WHAT YOU SHOULD DO:
The answer must give back every line of the data exactly, with no pictures.

Top of DATASET SECTION

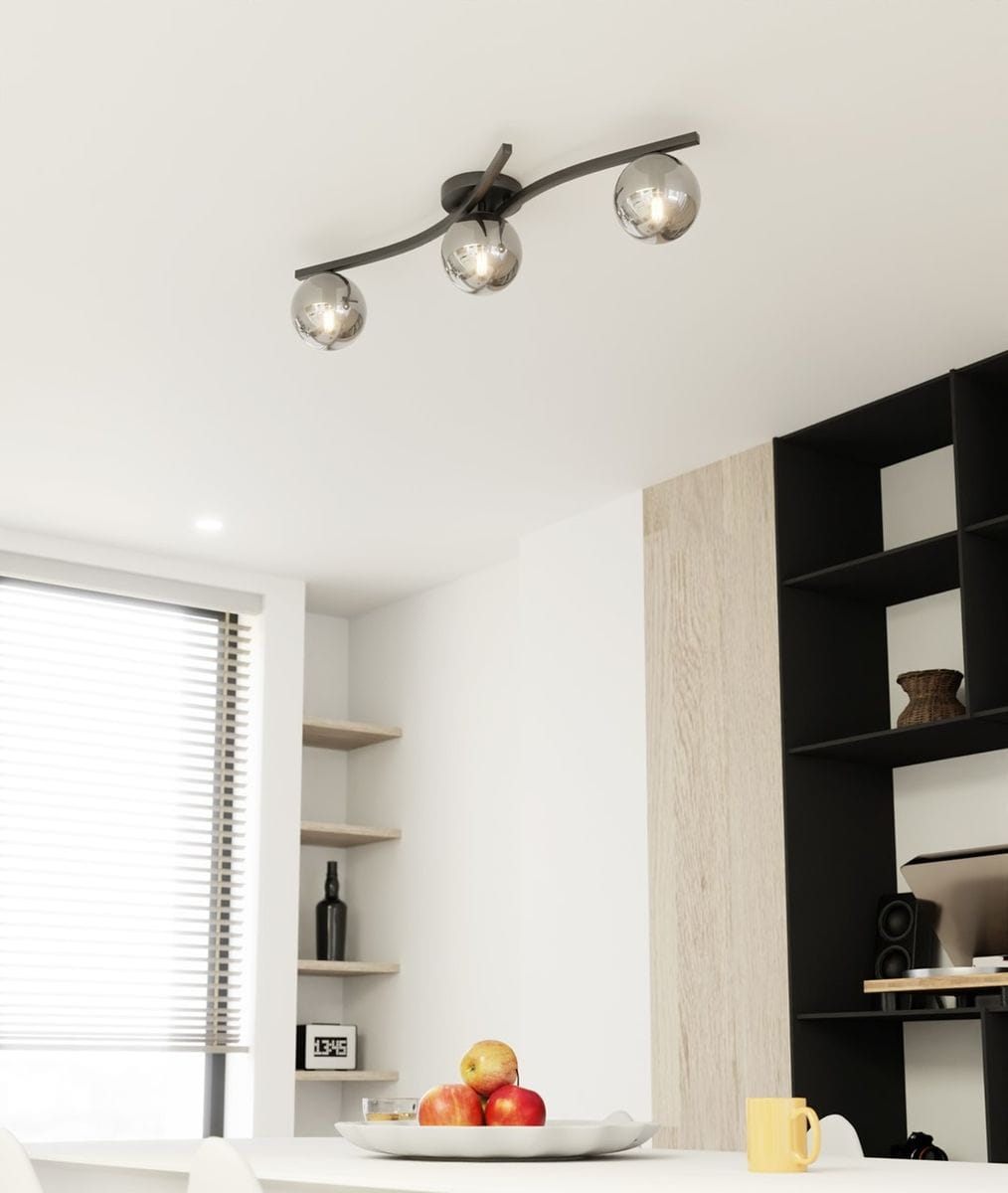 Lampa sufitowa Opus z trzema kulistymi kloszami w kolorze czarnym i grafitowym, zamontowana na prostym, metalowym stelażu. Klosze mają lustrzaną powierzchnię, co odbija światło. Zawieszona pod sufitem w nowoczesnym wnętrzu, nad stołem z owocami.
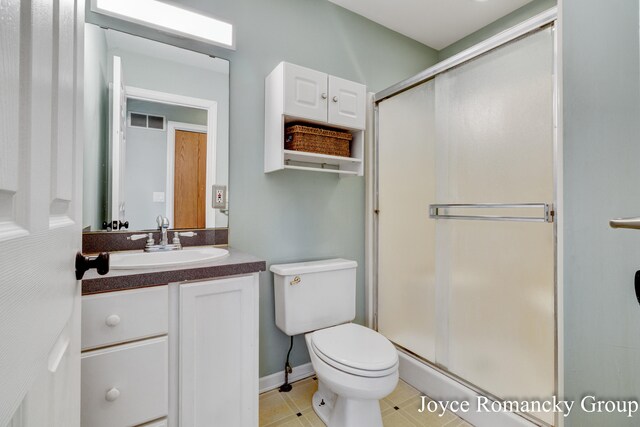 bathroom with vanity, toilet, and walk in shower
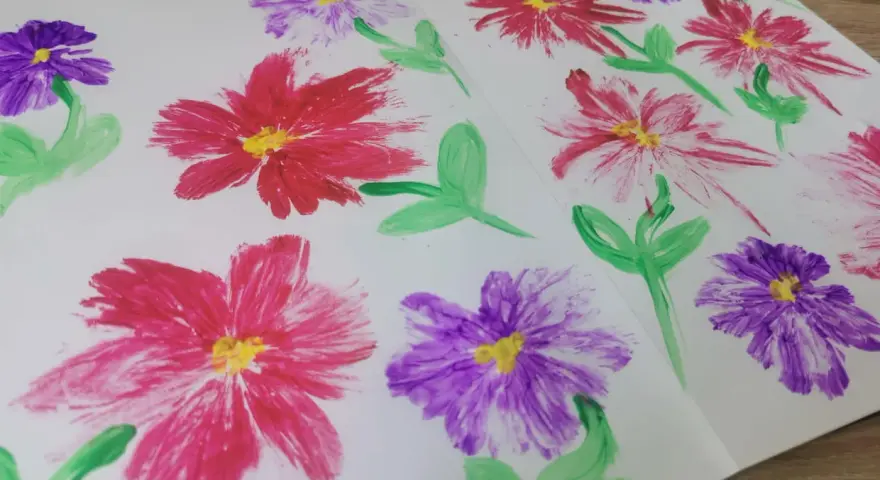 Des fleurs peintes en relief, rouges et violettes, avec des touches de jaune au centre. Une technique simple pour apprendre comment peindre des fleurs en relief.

Bottom of DATASET SECTION

ANSWER SECTION:
 Lampa sufitowa Opus z trzema kulistymi kloszami w kolorze czarnym i grafitowym, zamontowana na prostym, metalowym stelażu. Klosze mają lustrzaną powierzchnię, co odbija światło. Zawieszona pod sufitem w nowoczesnym wnętrzu, nad stołem z owocami.
 bathroom with vanity, toilet, and walk in shower
 Des fleurs peintes en relief, rouges et violettes, avec des touches de jaune au centre. Une technique simple pour apprendre comment peindre des fleurs en relief.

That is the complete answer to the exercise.